All Around You, All the Time
1 month ago
5 comments:
Jacob Weisberg in Slate has a contrasting view:
http://slate.msn.com/id/2122509/
Ah, I don't know--and I haven't read Salon yet. I just wish journalists would use their constitutionally privileged status to protect whistle-blowers, and not be an instrument of smear artists like Rove.
Hey, I have no problem with Time's action and could think of no greater justice than immediately sending Rove to Gitmo as an enemy of the state.
All of Weisberg's examples, though, are of journalists voluntarily revealing their sources out of a sense of the greater good, which is all fine with me. What sticks in my craw about the Judith Miller situation is that the courts are insisting that she (and the NY Times) involuntarily violate their own sense of disclosure. Not that Miller is a paragon of ethical behavior, but the principle slides us a good ways down a fairly slippery slope towards government regulation of the free press.
I'm afraid I have to agree with Weisberg. There's a pretty clear distinction between leaks that serve the public interest and leaks that don't, and the Plame leak has nothing to do with the public interest. Given the serious nature of the crime of exposing a CIA agent, and the lack of public benefit, I think that Fitzgerald is well justified in pursuing Cooper and Miller, and that the journalists are not justified in protecting their sources at all costs.
I don't know. I mean, I agree with you to a large extent, but I'm also pre-disposed to agree with you, because both of us agree that Karl Rove is a scumbag who should be outed as the source of a potentially treasonous violation of his trust and Judith Miller is one of his tools, in every sense of the word. We can assume that she should have recognized, especially when Rove and Scott McClellan publically announced that Rove was not the leak, that the public interest would have been served by revealed that this was a bold lie in the face of the American people.
But she didn't, and we should, unfortunately, extend to her the benefit of the doubt that she and her bosses at the NY Times believe that the public interest is best served by protecting her source.
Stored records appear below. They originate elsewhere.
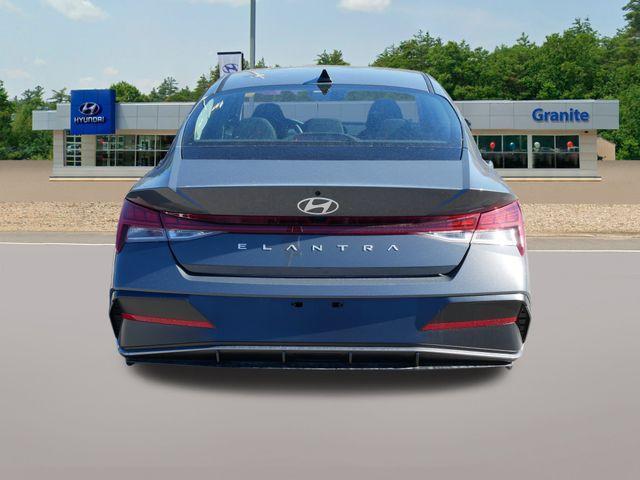 new 2025 Hyundai Elantra car, priced at $26,585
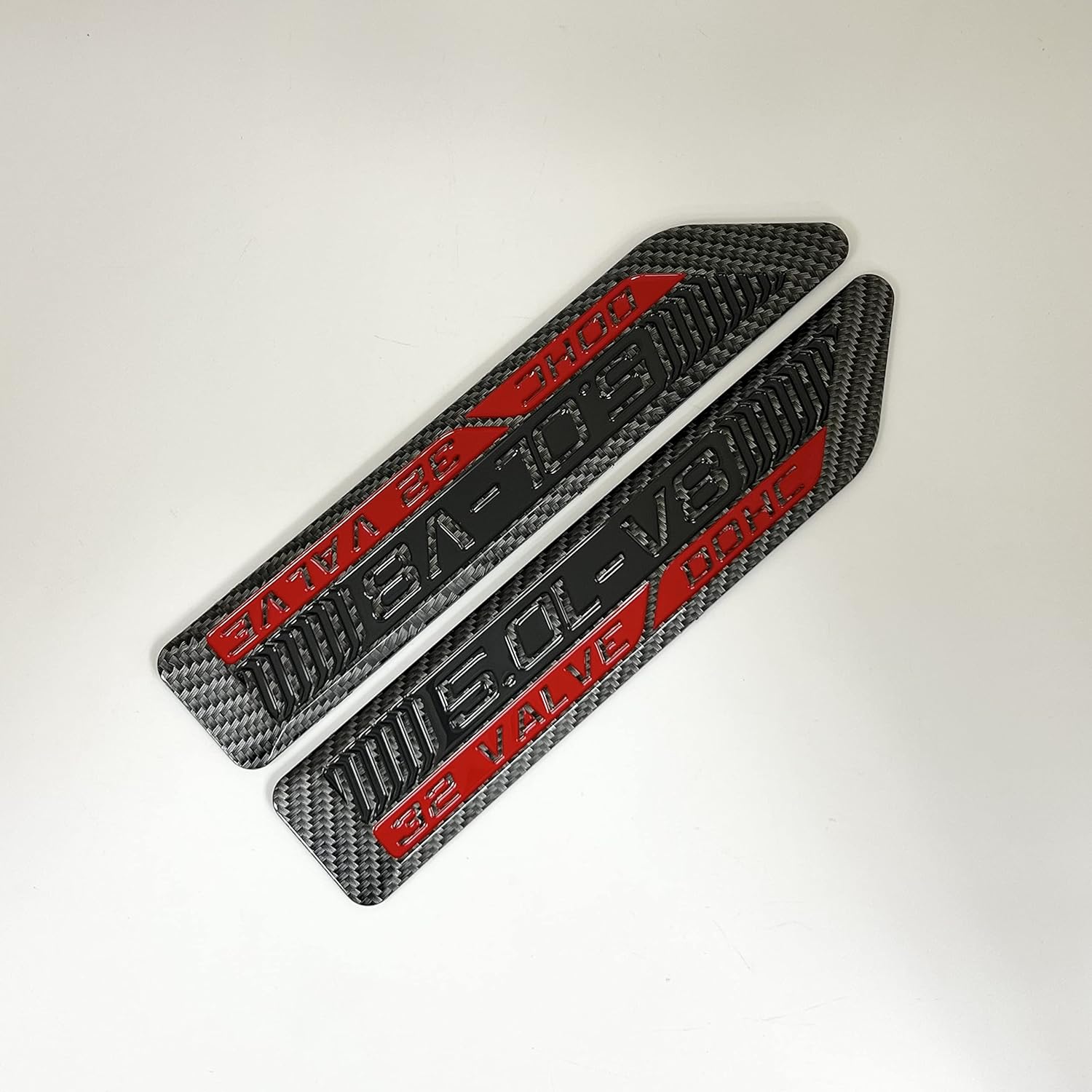 5.0L-V8 32 válvulas DOHC Emblema personalizado premium S550 Coyote Platform Soler Performance Badge (fibra de carbono – rojo) Compatible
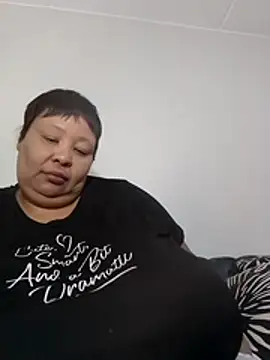 nancy111 – Naživo XXX chat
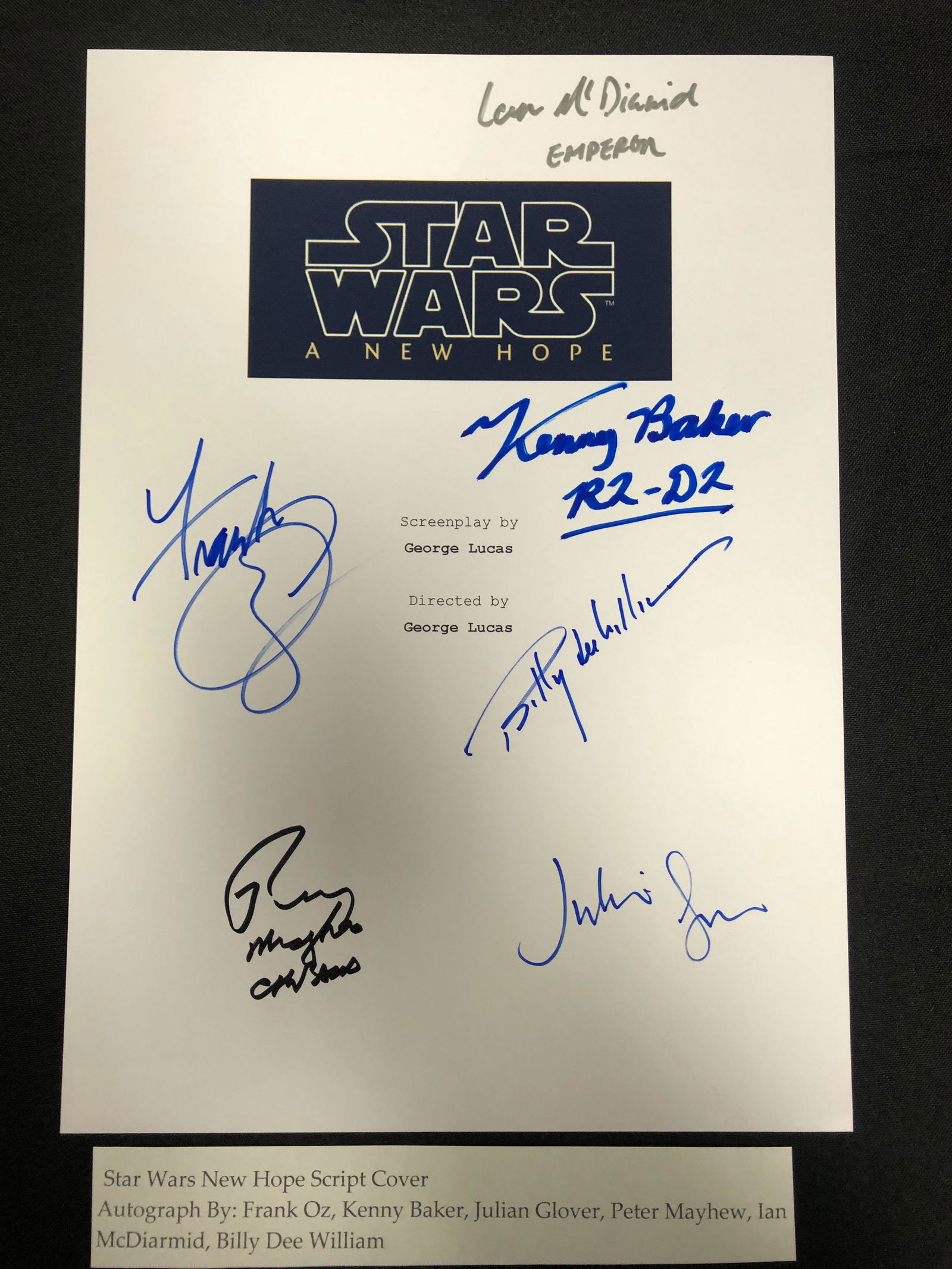 STAR WARS CAST SIGNED MOVIE SCRIPT COVER (REAL AUTHENTI (1 of 3)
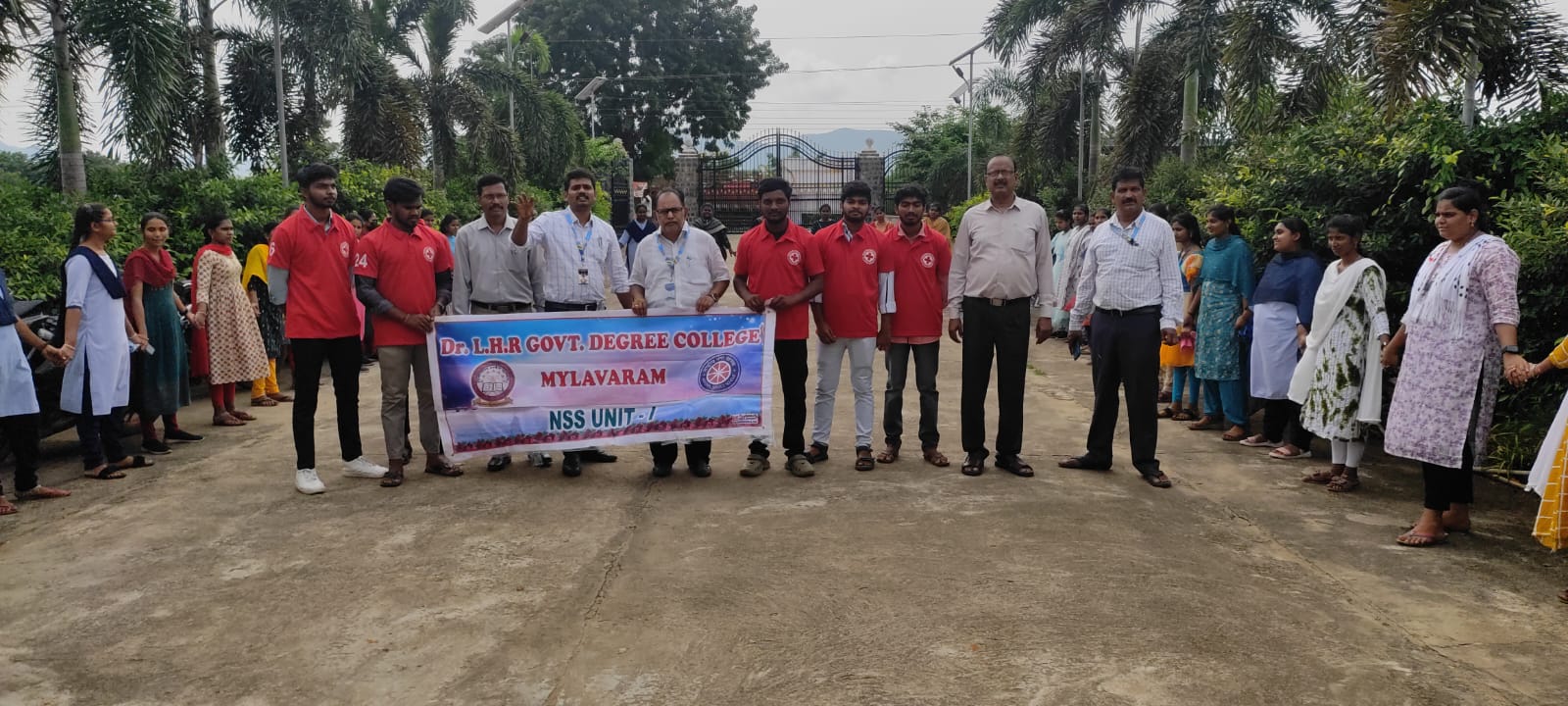 NSS AND YOUTH RED CROSS NASHA MUKT BHARAT PLEDGE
I guess it seems to me that "serving the public interest" is a fairly mutable concept, and could be construed to mean the opposite of our interpretation (in fact, I'm certain without checking that the conservative wingnut contingency is doing this in their blogs and Precious Fascist Moments scrapbooks). Because journalists, like all citizens bound by the Constitution, have a wide swath of grey ethical area in which they may interpret the public interest, it seems like a step towards totalitarianism to jail one for her stance.
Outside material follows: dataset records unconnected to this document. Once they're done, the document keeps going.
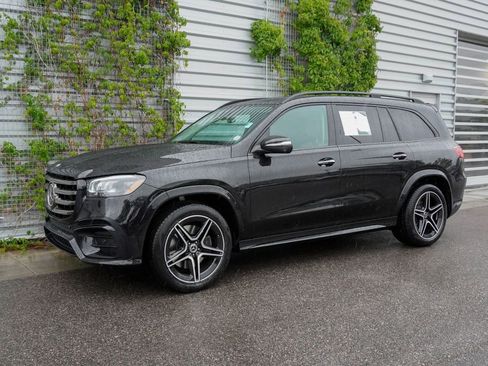 Used 2024 Mercedes-Benz GLS 450 4MATIC image 3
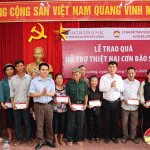 Ngân hàng Agribank Đô Lương chi nhánh Đô Lương trao 100 triệu đồng cho 50 hộ gia đình thiệt hại do lũ lụt huyện Đô Lương.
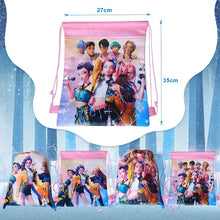 Lade das Bild in den Galerie-Viewer, Kordeltasche „Hunterx K-Pop Demon Hunters“ mit Motiven von Zoey, Rumi und Mira
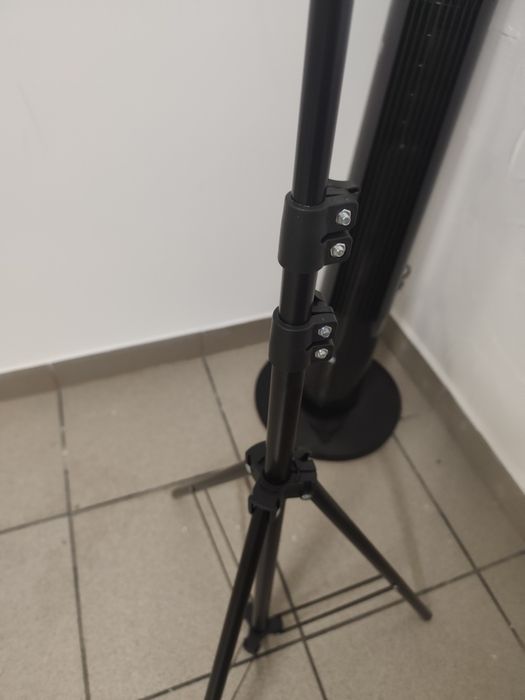 Nowy stelaż regulowany duży do ekranu projektor statyw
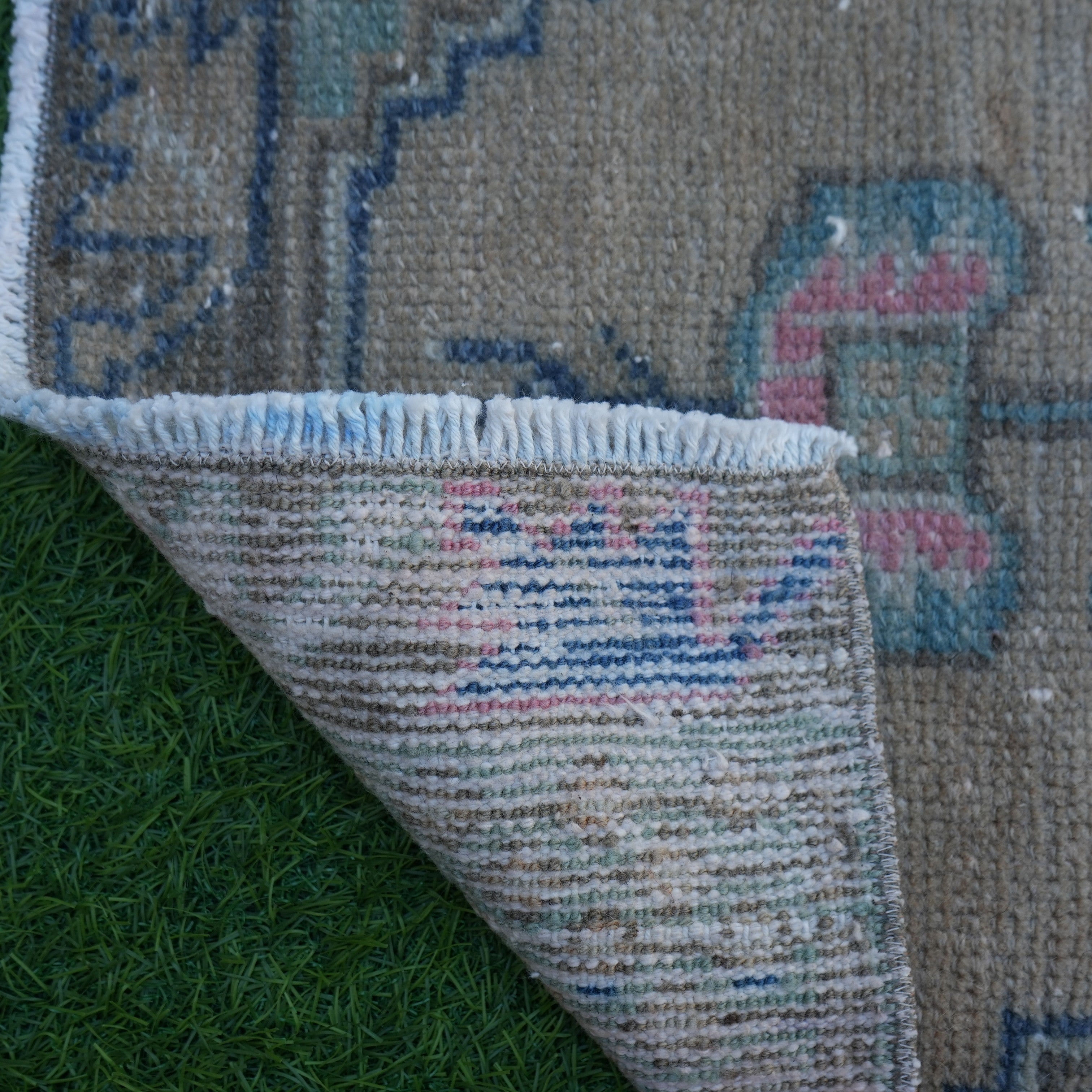 Ina - Mini Vintage Rug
And now I've been defending Judith Fucking Miller for way too long. I just don't want to see the same thing happen to the journalist defending the whistle-blower, as in JBJ's comment.
Miller isn't always so careful about exposing sources.
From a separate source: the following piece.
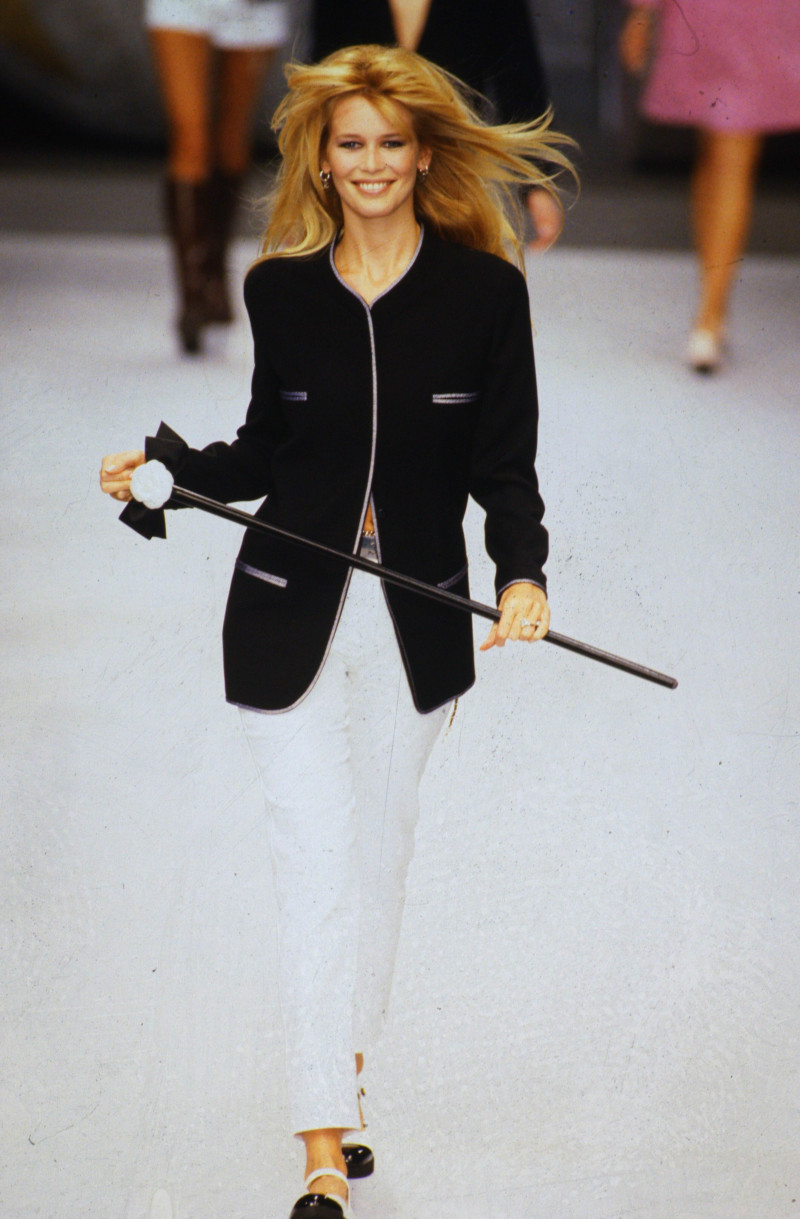 Claudia Schiffer featured in  the Chanel fashion show for Spring/Summer 1996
It's tough. Who is to say what's in the public interest? I think about Daniel Ellsberg--there was a huge argument over whether leaking the Pentagon Papers was good for the public interest or not.
Protecting reporters' sources is important. But Judith Miller is a shitty test case.
Another thing I think about, and it may never be proven, but I believe this was an open secret in Washington for two years. I think scores of people knew that Karl Rove was actively trying to smear Joe Wilson. And no one thought it was worth publishing. One man's freedom of the press is another man's omerta. But hey, all we were doing was holding a presidential election. Anyway, I'm glad it came finally came out, I'm sorry it took Peter Fitzgerald being an extreme hardass for that to happen.